Task description: Repeat the lines of the data exactly and exclude any picture among them.

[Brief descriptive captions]
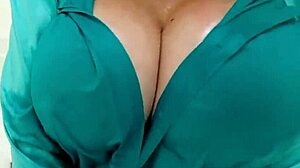 Sonja, prevarantska britanska zrela ženska, razkriva svoje ogromne prsi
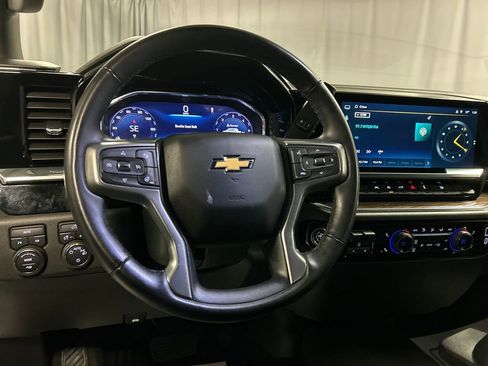 Used 2025 Chevrolet Silverado 1500 LT w/ Work Truck Package AWD/4WD image 15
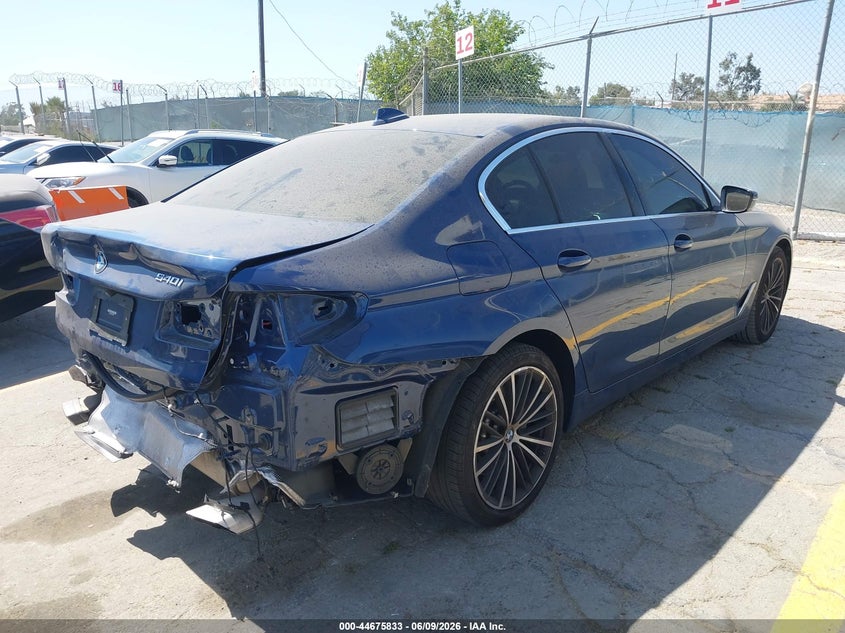 2023 BMW 5er VIN WBA53BJ03PWX99767 IAAI salvage auction — REAR END, Wait Title, sold $22,600 on 2026-08-12 (photo 4)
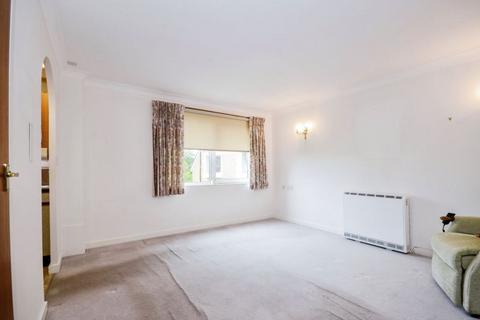 1 bedroom flat for sale, Cassio Road, Watford WD18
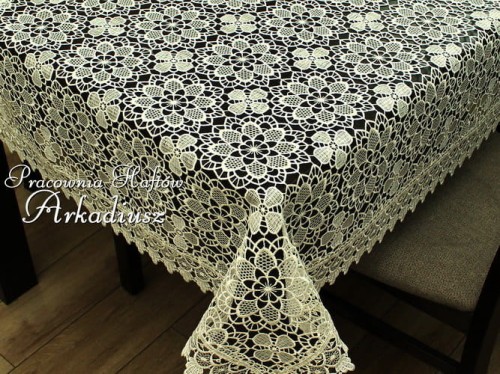 Obrus gipiurowy "Kwiaty" - ekri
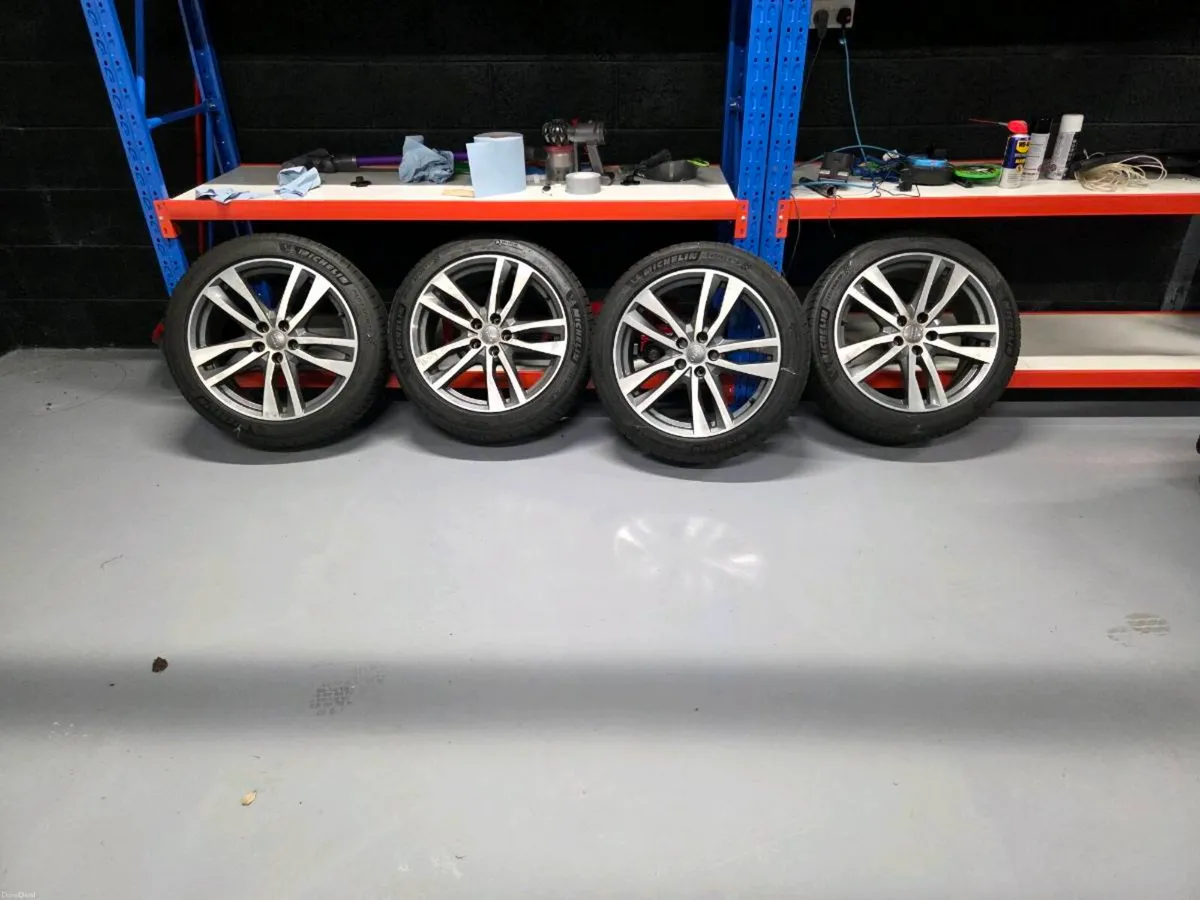 Audi A6 alloys wheels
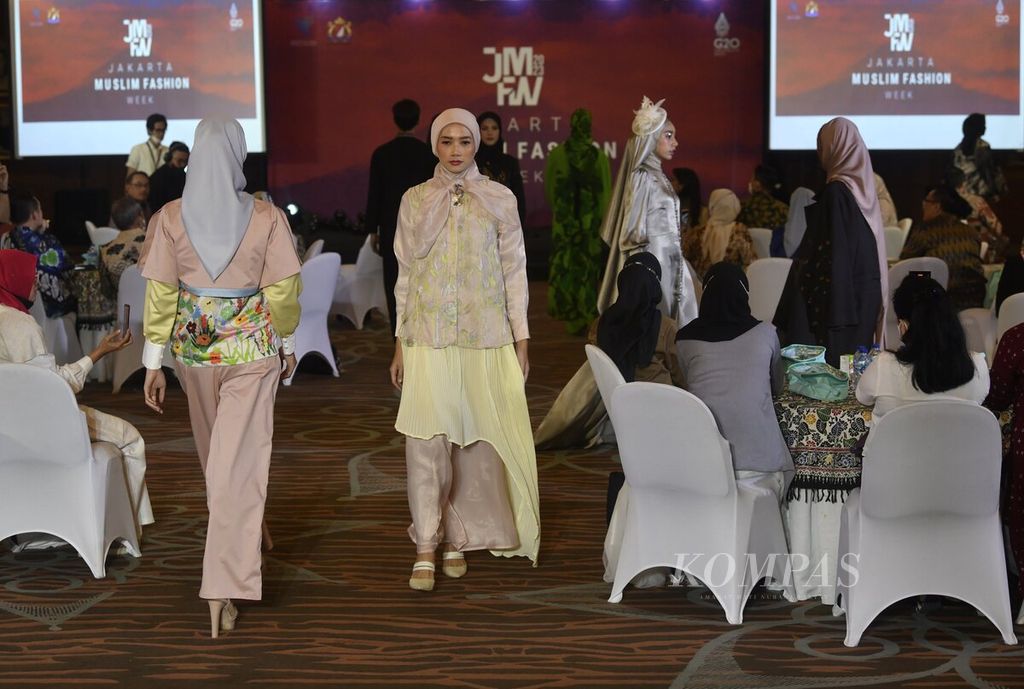 Sejumlah kreasi busana ditampilkan saat<i> kick off </i>Jakarta Muslim Fashion Week (JMFW) 2023 di Kementerian Perdagangan, Jakarta, Rabu (12/10/2022). JMFW 2023 akan digelar bersamaan dengan Trade Expo Center ke-37 di ICE BSD, Tangerang, Banten, pada 20-22 Oktober 2022. 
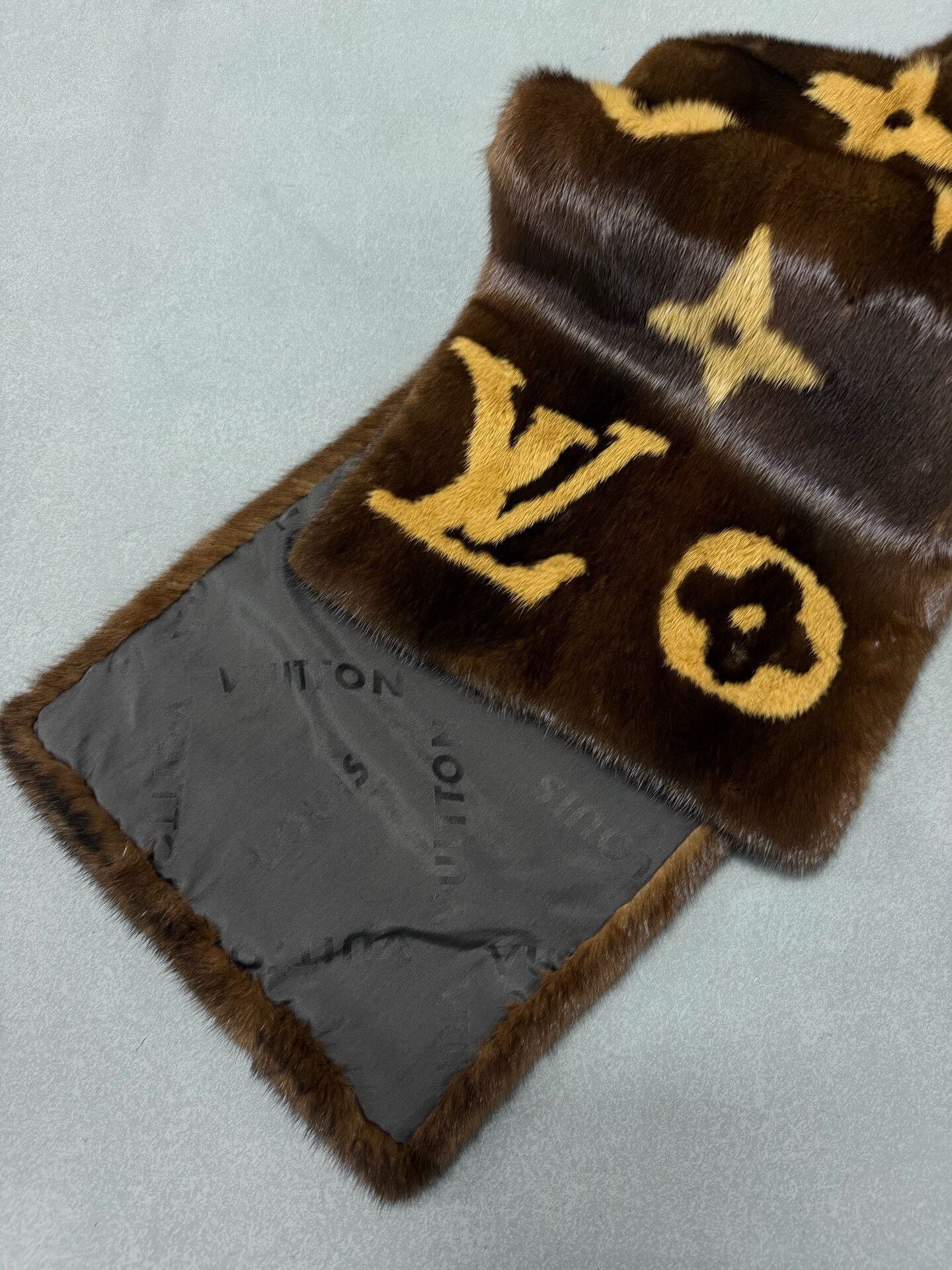 Louis Vuitton Louis Vuitton Retro Beige Scarf Men Size ONE SIZE - 4 Thumbnail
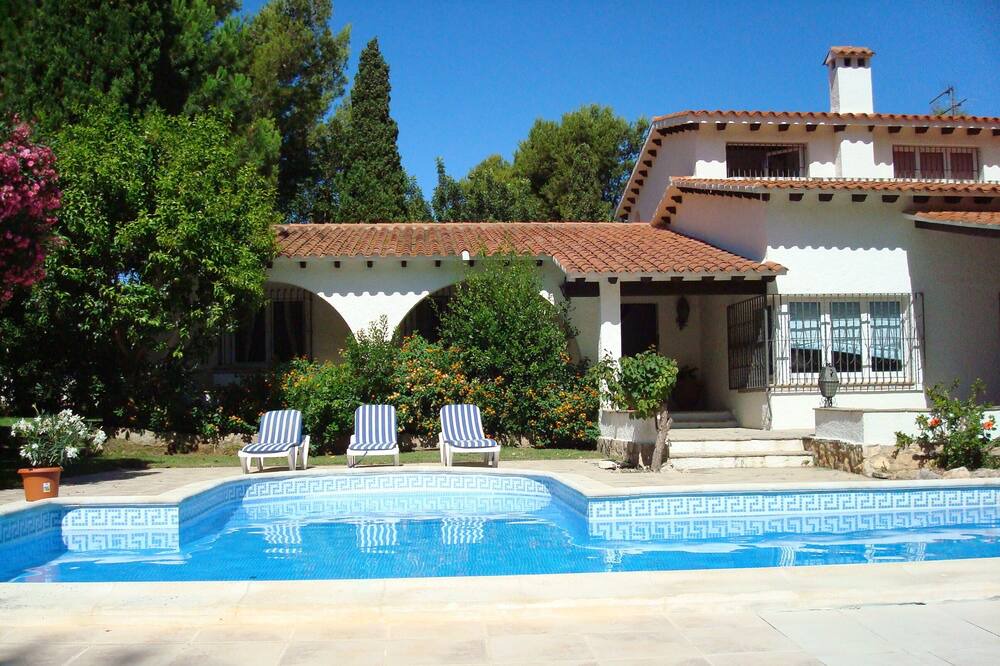 Photo of Outdoor in El Roc de Sant Gaieta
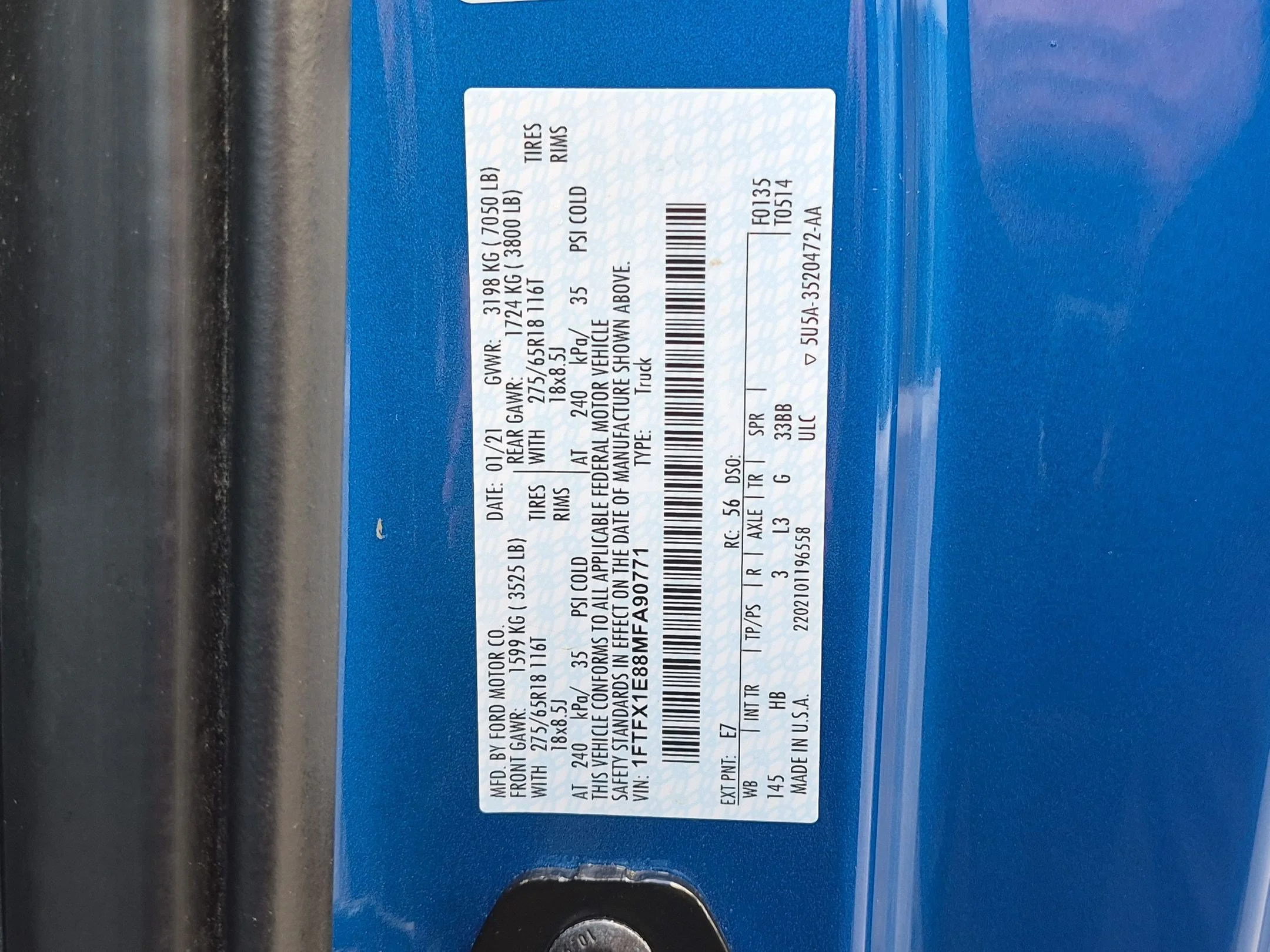 Used 2021 Blue Metallic Ford LARIAT image 32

Problem solution:
 Sonja, prevarantska britanska zrela ženska, razkriva svoje ogromne prsi
 Used 2025 Chevrolet Silverado 1500 LT w/ Work Truck Package AWD/4WD image 15
 2023 BMW 5er VIN WBA53BJ03PWX99767 IAAI salvage auction — REAR END, Wait Title, sold $22,600 on 2026-08-12 (photo 4)
 1 bedroom flat for sale, Cassio Road, Watford WD18
 Obrus gipiurowy "Kwiaty" - ekri
 Audi A6 alloys wheels
 Sejumlah kreasi busana ditampilkan saat<i> kick off </i>Jakarta Muslim Fashion Week (JMFW) 2023 di Kementerian Perdagangan, Jakarta, Rabu (12/10/2022). JMFW 2023 akan digelar bersamaan dengan Trade Expo Center ke-37 di ICE BSD, Tangerang, Banten, pada 20-22 Oktober 2022. 
 Louis Vuitton Louis Vuitton Retro Beige Scarf Men Size ONE SIZE - 4 Thumbnail
 Photo of Outdoor in El Roc de Sant Gaieta
 Used 2021 Blue Metallic Ford LARIAT image 32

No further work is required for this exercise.